4. The method according to claim 1, wherein determining the current viewing region of the user on the display, and acquiring the corresponding target video stream based on the current viewing region comprises:
determining the current viewing region of the user on the display, and acquiring a corresponding video slice index based on the current viewing region, wherein the video slice index comprises an index of a slice video of the panoramic video;
acquiring a slice video stream corresponding to the video slice index, wherein the target video stream comprises the slice video stream; and
in response to determining that the current viewing region of the user changes to be the changed viewing region, determining the new target video stream corresponding to the changed viewing region, and displaying the background bitstream on the display during the process of switching the target video stream to the new target video stream, comprising:
in response to determining that the current viewing region of the user changes, determining a new video slice index corresponding to the changed viewing region, and pulling a corresponding new slice video stream based on the new video slice index, and displaying the background bitstream on the display during the process of switching the slice video stream to the new slice video stream.

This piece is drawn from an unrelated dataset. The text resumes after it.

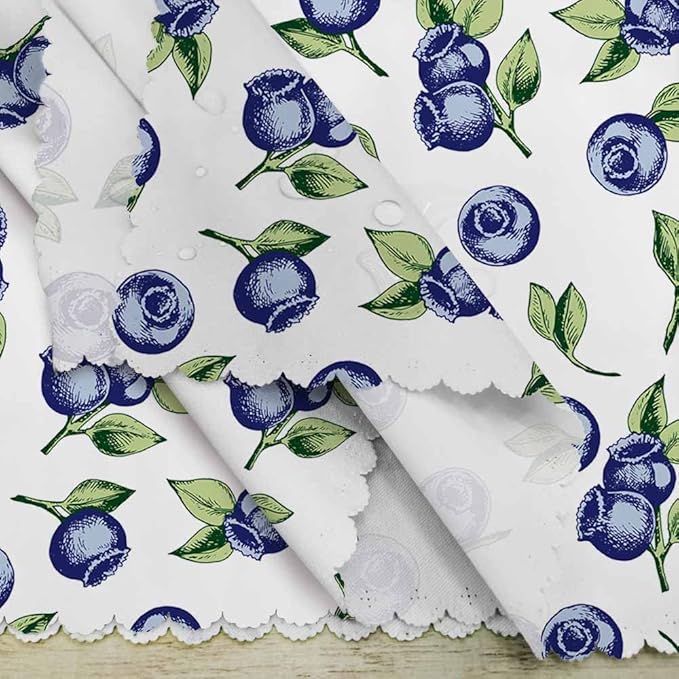 Yibeas Blueberries and Leaves Cloth Table Napkins Set of 4 Hand Drawn Vector on White Background Polyester Washable Decoration Dinner Napkins for Kitchen 18 x 18 inch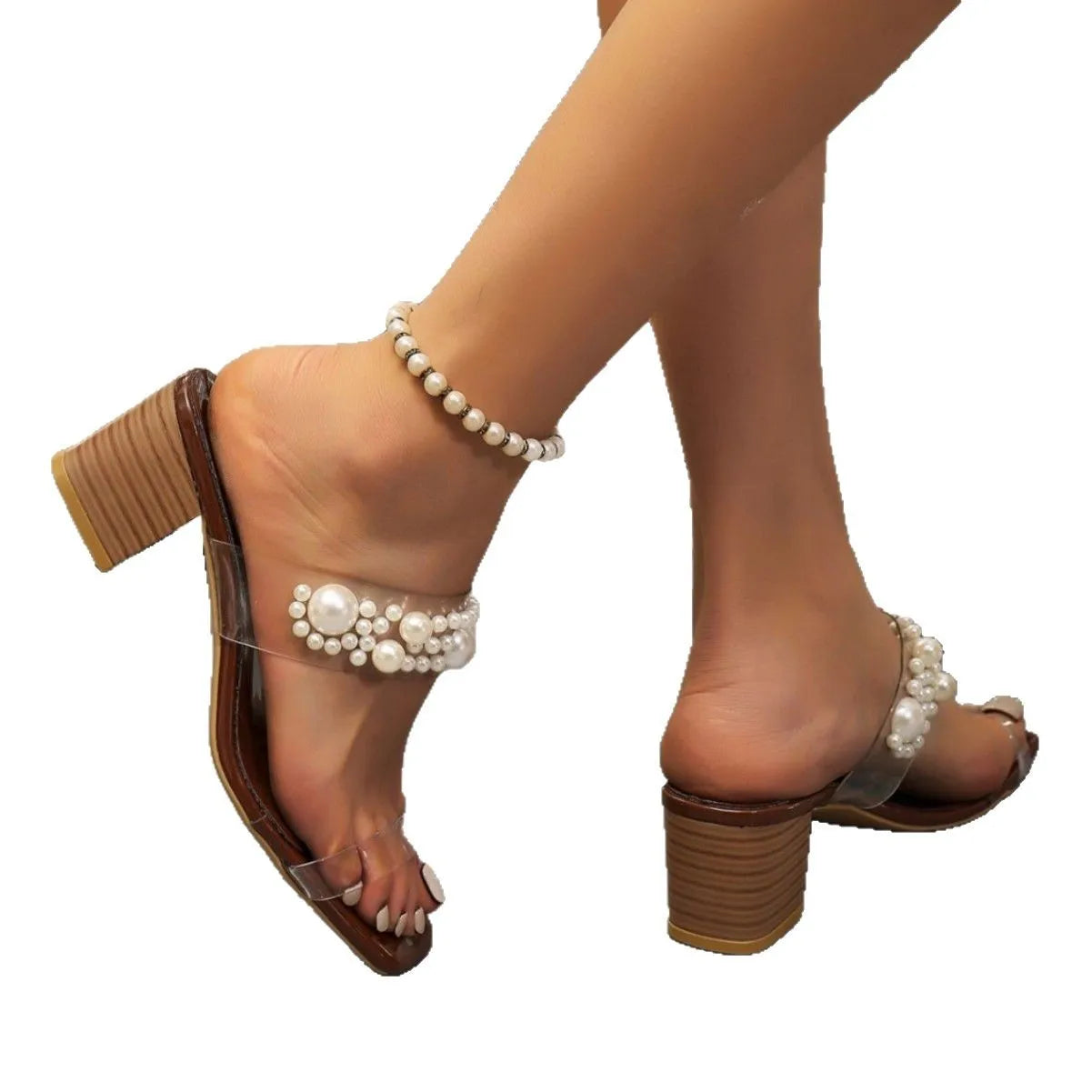 Ladies High Heels Pearl Embellished Chunky Heel Sandals Fashionable Square Toe Transparent Slippers for Outdoor Wear - Natalia Home Fashion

5. The method according to claim 4, wherein acquiring the slice video stream corresponding to the video slice index comprises:
sending the video slice index to a server, the server being configured to determine the slice video stream to be sent based on the video slice index; and
receiving the slice video stream sent by the server.
6. The method according to claim 5, wherein:
the server is configured to store slice videos at different resolutions for a same slice; and
the video slice index comprises a layer index and a slice index of a same layer, wherein each layer corresponds to a distinct resolution, and slices within a same layer share a same resolution.
7. The method according to claim 5, wherein:
the server is configured to store slice videos at different resolutions for a same slice; and
the method further comprises:
determining a size of a field of view corresponding to the current viewing region; and
determining a corresponding target resolution based on at least one of the size of the field of view or a current network bandwidth condition of the client; and
acquiring the slice video stream corresponding to the video slice index comprises:
receiving the slice video stream sent by the server based on the video slice index and the target resolution.
8. The method according to claim 7, wherein:
the panoramic video includes a panoramic image captured by a panoramic camera; and
the method further comprises:
configuring the server to map the panoramic image to a preset unfolded image based on a mapping relationship between the panoramic image and the unfolded image;
configuring the server to render the preset unfolded image based on preset different resolutions, and obtain a cubic unfolded image corresponding to the different resolutions; and
configuring the server to segment the cubic unfolded image based on a segmentation requirement, and obtain a plurality of slice videos.
9. The method according to claim 5, wherein:
the server is configured to store slice videos at different resolutions for a same slice; and
the method further comprises:
determining a size of a field of view corresponding to the current viewing region, and sending the size of the field of view to the server, the server being configured to determine a corresponding target resolution based on at least one of the size of the field of view or a current network bandwidth condition of the client, and determine the slice video stream to be sent based on the video slice index and the target resolution.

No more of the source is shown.